* _MATERIAL FOR THIS EXERCISE_
——
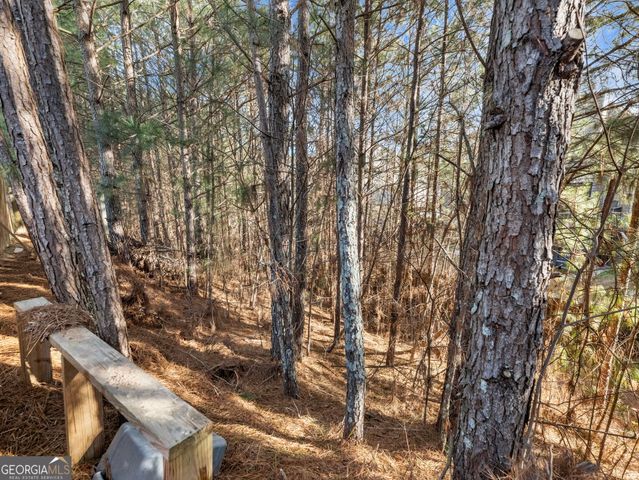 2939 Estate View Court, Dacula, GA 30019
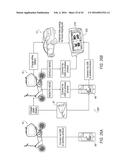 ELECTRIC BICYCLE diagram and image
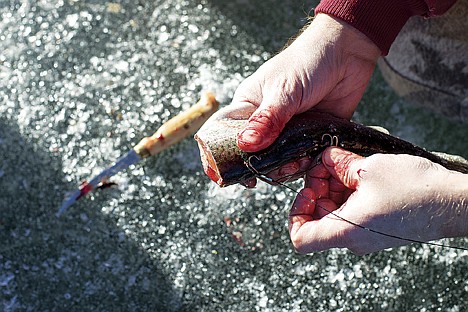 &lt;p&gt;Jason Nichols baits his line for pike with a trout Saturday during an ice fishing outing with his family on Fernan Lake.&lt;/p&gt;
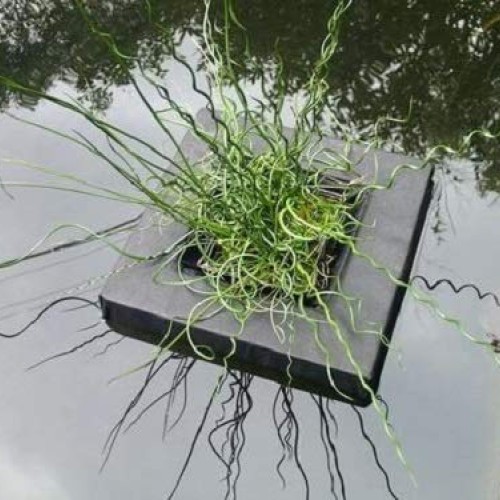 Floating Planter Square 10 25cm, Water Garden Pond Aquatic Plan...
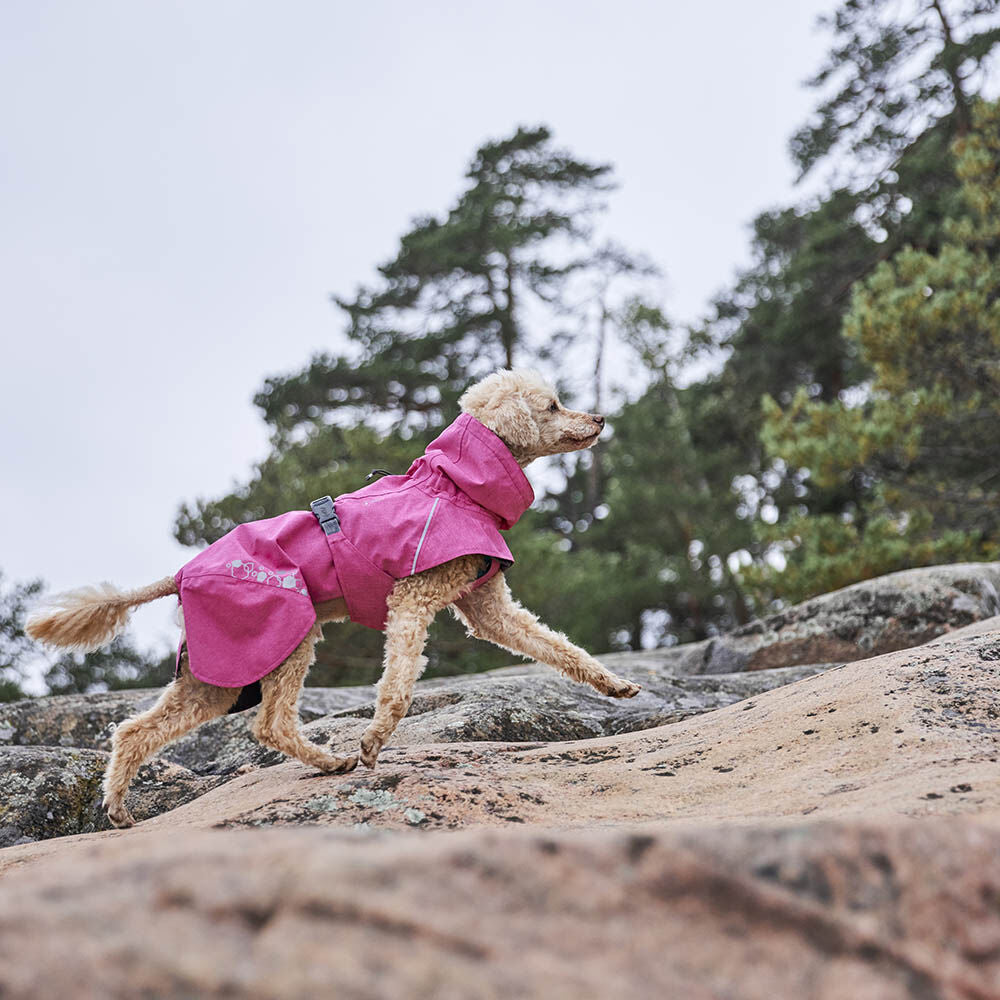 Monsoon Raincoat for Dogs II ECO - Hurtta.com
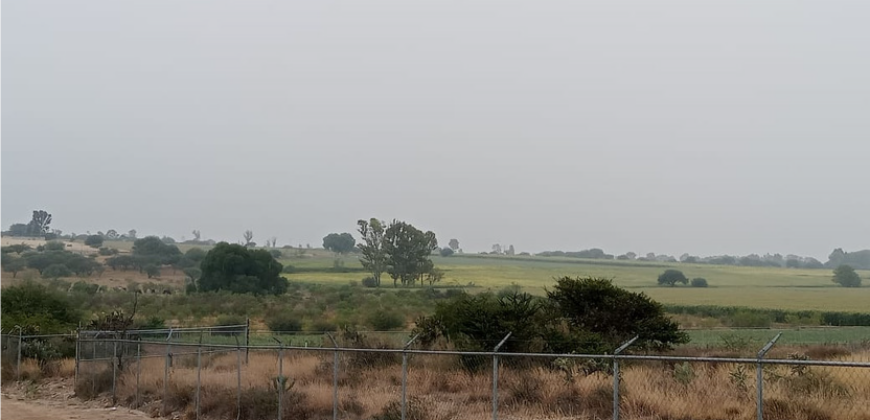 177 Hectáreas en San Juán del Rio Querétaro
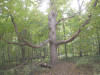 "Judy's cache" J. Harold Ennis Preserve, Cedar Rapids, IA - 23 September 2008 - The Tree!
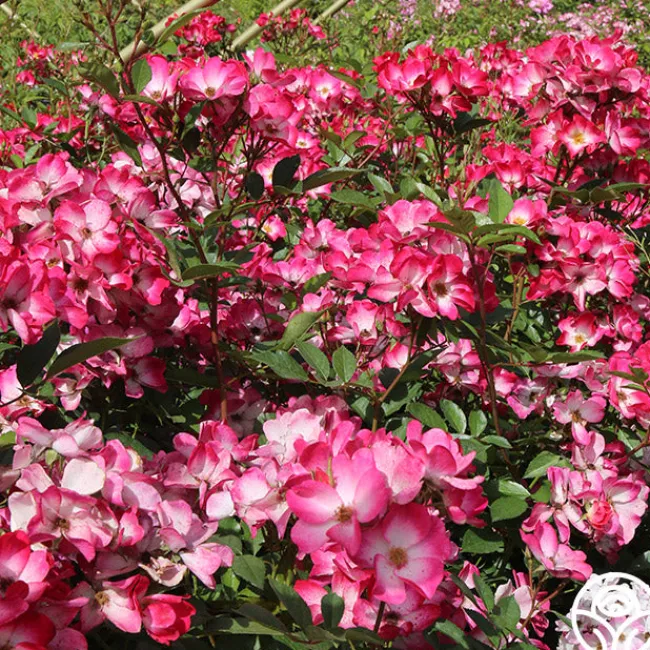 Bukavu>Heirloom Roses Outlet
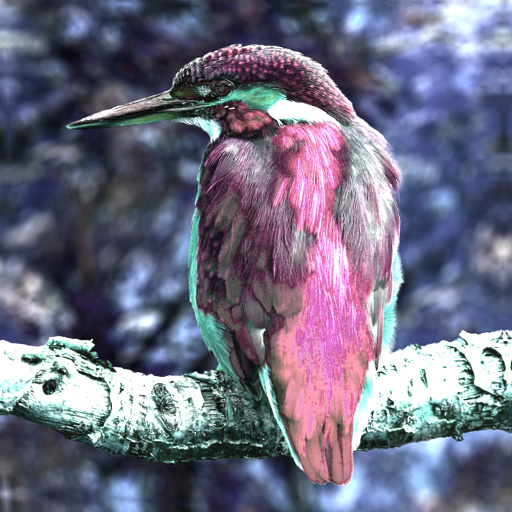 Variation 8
——
The answer must be the lines above from the one containing "ELECTRIC BICYCLE diagram and image" through the one containing "177 Hectáreas en San Juán del Rio Querétaro", reproduced exactly, with no pictures and nothing else.

* _PROBLEM SOLUTION_
 ELECTRIC BICYCLE diagram and image
 &lt;p&gt;Jason Nichols baits his line for pike with a trout Saturday during an ice fishing outing with his family on Fernan Lake.&lt;/p&gt;
 Floating Planter Square 10 25cm, Water Garden Pond Aquatic Plan...
 Monsoon Raincoat for Dogs II ECO - Hurtta.com
 177 Hectáreas en San Juán del Rio Querétaro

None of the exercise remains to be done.